As such I recommend immediately starting with outbound too.
Here’s the message I send:
Hi {firstName},
I won't beat around the bush. I dislike random LinkedIn messages too! So here's it it:
I’m running London based workshops about how AI is changing business and how to stay ahead of the curve.
I’ve recently [list of recent companies trained]
As great as all that travel is I'm looking I'm doing outreach to London based companies and organisations to see if there's interest!
I write a daily newsletter to 50,000+ professionals and educational video content for 150,000+ on social (primarily Tiktok interestingly!) and have written 8 Amazon bestsellers on the use of AI in business. I've also got an MBA from NYU. So this isn't just vague AI handwaving - I teach how to combine business, entrepreneurship and AI.
I have two basic workshops
-one teaching staff members how to start using AI
-another for leaders on how to deploy AI across the organisation
-or a longer combined one
Currently booking in one workshop per week.
Would this be of interest?
If so let's chat! I can send over details + pricing etc.
No silly business wasting your time on sales calls. I'll just send over a one pager..
Kyle
If they respond with a yes I ping them over a one pager with details about the workshops and pricing.
Very simple but effective. And more than enough to get started with.
Set your filters to:
When you get your first hits I’d recommend hoping on a call with them.
Even if you don’t sell anything you’ll be gathering super valuable intel about what they are looking for.
You want to ask them about what they need, what problems they want to solve, what they fear.
Let them speak. And take note of the language and vocabulary they use.

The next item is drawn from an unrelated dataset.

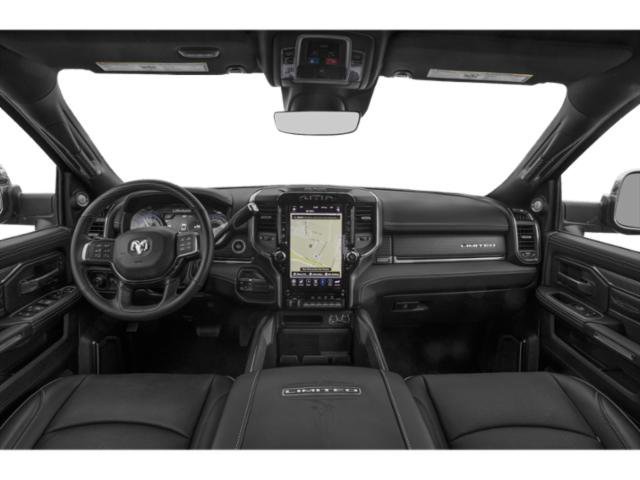 Used 2022 Granite Crystal Metallic Clearcoat Ram Limited image 11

You’re then going to echo all of this back to them in your proposal.
I’ll be sharing my full one-page, proposal and emails (and the actual slide deck!) in the AI education course I’m putting together. Should have more details next week! Email us if you are interested in accessing all this though so we have an idea of how many.
Here’s the big question!
How much do you charge?
It’s really hard to give a hard and fast number here because it’ll depend on:
The last is the issue I see the most people run into! People tend to undercharge. I’ve been (very) guilty of this.
Remember though the value you’re going to be dropping. It’s worth a lot to the company hiring you. Potentially hundred of thousands or millions if they get on board with AI before their competitor.

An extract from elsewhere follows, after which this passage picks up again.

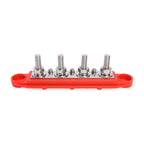 Power Distribution Busbar with Cover for Universal Applications (5/16")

If you still struggle I like to think about the per person model.
Charging one person $50 for an hour would be cheap right? Yes!
Let’s say you are going to talk to 30 people.
Just charge 30 x $50 and that’s $1500/hour. That’s your rate because you are teaching lots of their staff at the same time.
I have an upcoming 1 hour presentation which is $4000. That sounds like a lot for just one hour of my time right?
But it’s to 400 people. It actually works out that each person is getting the workshop for $10! ($4000 / 400 people = $10 each).
Cheap as chips!
Once you disconnect it from your hourly rate and start thinking about how much value you are delivering to a large number of people it become easier to charge much more.
If in doubt though start lower. And each time someone says yes your raise your price. My first paid workshop was $500. They said yes immediately. So for the next I went to $750. They said yes immediately - so we went up to $1000.
You do not need an all singing all dancing lead generating machine.
You need:
That’s it for now. And you don’t even need them all to start. You can create as you go along: get that first lead, use discussions with them to make the one pager. Create as you proceed.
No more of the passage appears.